Training for a Tough Job: The Community College Presidency Pipeline
To say that the community college presidency is in flux is no overstatement. Many existing community college presidents have been reaching retirement age at a time when both the traditional presidential pipeline and rigorous leadership training programs have narrowed. At the same time, there has been a wave of community college president resignations and terminations, leading to warranted concerns about a shortage of qualified candidates who can tackle the increasingly challenging role.
Leadership matters. And high-quality sustained leadership is important for educational reforms to take hold and have long-term impacts. On the flip side, leadership shortfalls and transitions are harmful to those who depend on the community college’s success; namely students, faculty, and employees, as well as regional economies.
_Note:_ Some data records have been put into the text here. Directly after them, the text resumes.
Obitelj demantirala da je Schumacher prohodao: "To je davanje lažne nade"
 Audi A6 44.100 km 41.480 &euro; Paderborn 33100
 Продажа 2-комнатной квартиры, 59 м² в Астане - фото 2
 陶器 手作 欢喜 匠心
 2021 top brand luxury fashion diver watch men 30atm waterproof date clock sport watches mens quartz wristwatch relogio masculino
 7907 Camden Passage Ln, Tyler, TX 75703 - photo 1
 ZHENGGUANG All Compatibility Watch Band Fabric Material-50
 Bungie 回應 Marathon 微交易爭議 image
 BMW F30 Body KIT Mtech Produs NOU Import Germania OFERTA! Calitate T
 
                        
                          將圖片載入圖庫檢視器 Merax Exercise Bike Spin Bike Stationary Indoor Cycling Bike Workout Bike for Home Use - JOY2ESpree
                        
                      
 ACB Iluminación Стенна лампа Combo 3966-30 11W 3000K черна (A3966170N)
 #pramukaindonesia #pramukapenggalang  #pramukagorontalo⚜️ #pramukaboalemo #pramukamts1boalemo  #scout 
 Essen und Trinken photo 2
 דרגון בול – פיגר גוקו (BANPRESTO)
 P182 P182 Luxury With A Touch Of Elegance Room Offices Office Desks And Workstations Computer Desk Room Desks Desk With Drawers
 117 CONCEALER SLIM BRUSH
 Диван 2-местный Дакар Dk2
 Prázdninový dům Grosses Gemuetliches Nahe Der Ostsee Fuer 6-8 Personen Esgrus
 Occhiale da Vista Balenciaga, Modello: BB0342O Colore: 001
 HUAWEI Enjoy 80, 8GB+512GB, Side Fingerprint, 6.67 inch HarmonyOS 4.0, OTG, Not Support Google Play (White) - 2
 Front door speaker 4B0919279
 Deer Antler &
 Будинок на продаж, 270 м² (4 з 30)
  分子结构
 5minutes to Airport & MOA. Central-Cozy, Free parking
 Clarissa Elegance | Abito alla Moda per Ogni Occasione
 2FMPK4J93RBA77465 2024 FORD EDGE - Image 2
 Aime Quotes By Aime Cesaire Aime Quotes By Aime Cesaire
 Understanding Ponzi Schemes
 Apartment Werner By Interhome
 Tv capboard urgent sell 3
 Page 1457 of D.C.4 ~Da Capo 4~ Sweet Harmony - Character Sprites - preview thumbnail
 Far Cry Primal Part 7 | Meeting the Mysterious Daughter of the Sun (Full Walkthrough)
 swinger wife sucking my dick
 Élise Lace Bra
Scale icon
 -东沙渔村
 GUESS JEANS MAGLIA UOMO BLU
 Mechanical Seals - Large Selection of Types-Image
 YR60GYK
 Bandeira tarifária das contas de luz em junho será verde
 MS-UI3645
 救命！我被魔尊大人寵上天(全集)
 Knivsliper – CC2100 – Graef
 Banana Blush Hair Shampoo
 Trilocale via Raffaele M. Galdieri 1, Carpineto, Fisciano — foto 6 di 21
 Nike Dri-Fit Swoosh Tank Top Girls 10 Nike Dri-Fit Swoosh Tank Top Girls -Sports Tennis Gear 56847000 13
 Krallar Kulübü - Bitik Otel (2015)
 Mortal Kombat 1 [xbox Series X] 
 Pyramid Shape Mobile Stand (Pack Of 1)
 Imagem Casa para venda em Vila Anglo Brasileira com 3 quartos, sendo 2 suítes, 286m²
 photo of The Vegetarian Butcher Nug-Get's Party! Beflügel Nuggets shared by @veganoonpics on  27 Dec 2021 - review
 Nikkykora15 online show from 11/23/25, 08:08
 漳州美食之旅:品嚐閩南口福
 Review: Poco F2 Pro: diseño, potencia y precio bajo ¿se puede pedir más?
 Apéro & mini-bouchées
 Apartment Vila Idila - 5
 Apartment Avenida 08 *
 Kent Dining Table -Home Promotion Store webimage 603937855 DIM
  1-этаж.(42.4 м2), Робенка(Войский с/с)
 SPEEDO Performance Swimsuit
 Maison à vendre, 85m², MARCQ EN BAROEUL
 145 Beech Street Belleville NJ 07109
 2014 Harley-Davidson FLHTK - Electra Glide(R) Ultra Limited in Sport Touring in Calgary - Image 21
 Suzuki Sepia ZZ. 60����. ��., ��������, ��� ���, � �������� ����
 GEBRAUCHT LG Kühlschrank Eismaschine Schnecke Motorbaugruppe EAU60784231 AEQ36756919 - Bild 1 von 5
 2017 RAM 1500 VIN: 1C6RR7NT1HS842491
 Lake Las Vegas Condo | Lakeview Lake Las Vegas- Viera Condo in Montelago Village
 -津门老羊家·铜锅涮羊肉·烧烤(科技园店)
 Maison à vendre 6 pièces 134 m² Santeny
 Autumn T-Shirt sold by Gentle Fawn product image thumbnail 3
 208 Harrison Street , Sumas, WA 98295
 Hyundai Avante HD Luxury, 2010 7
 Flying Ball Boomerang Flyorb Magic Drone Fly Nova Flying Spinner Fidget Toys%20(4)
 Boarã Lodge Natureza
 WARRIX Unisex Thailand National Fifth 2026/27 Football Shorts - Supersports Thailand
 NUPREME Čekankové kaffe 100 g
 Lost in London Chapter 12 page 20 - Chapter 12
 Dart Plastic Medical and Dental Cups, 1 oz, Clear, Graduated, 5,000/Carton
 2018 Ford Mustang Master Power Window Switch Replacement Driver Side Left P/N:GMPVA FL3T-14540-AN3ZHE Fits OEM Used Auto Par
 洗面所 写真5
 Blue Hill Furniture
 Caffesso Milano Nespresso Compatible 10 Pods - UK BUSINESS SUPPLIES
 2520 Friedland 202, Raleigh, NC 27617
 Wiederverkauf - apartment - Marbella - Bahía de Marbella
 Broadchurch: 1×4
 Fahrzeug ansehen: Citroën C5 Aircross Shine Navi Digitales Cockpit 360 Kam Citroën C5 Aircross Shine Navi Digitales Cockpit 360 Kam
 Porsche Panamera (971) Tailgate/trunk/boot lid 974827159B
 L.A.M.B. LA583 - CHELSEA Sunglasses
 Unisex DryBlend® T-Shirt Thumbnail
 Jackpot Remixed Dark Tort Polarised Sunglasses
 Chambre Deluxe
Community colleges are at the center of policy discussions about preparing for the economy of the future and could be an immensely powerful tool for improving the opportunities of a very large and diverse group of Americans. Inequitable access and low transfer and graduation rates are persistent barriers, however, to community colleges’ incredible yet unmet potential.
A core challenge for present-day community college leaders is to drastically improve the success of their students in a rapidly changing environment that requires a deeper and broader skillset than ever before, while maintaining commitment to open access and low cost. Some of the inevitable changes presidents have to deal with include rapid transformations in teaching, learning, campus technologies, and colleges’ business models and financing. Presidents also face political conflicts, internal pressures, external stakeholder demands, and fiscal stressors. A community college presidency is no small task, and it is not surprising that traditional candidates, mainly provosts and vice presidents, are decreasingly interested in pursuing the role.
What has been done to remedy this problem? One effort worth highlighting is the Aspen Presidential Fellowship; one of a handful of comprehensive programs that prepare aspiring or recently appointed community college presidents to tackle the modern-day presidency. The program grew out of the institute’s research and recommendations for the development of a new generation of exceptional leaders – a need highlighted more recently by Aspen’s Task Force on the Future of the College Presidency, which calls for advancing new ways to develop a presidential talent pool that is also demographically diverse. This includes identifying and training nontraditional candidates, such as women and people of color, to aspire to and prepare for the presidency using evidence-based practices.
The first Aspen Presidential Fellowship program concluded this past April with very promising results, and the second group of fellows attends the first program session next week. The one-year program offers intensive professional development to cohorts of selected professionals through several residential seminars as well as ongoing mentoring. The program covers a range of topics, but is particularly focused on dimensions of leadership that research has shown to improve the likelihood of student success. By enhancing their skills and network, and actively preparing them to participate in presidential searches, the Fellowship aims to make participants competitive candidates for community college presidencies with the expectation that half will assume that role within three years of participation. It is also anticipated that, as presidents, Fellowship participants will deploy the skills they acquire to help their colleges achieve greater progress in student success than other, similar colleges.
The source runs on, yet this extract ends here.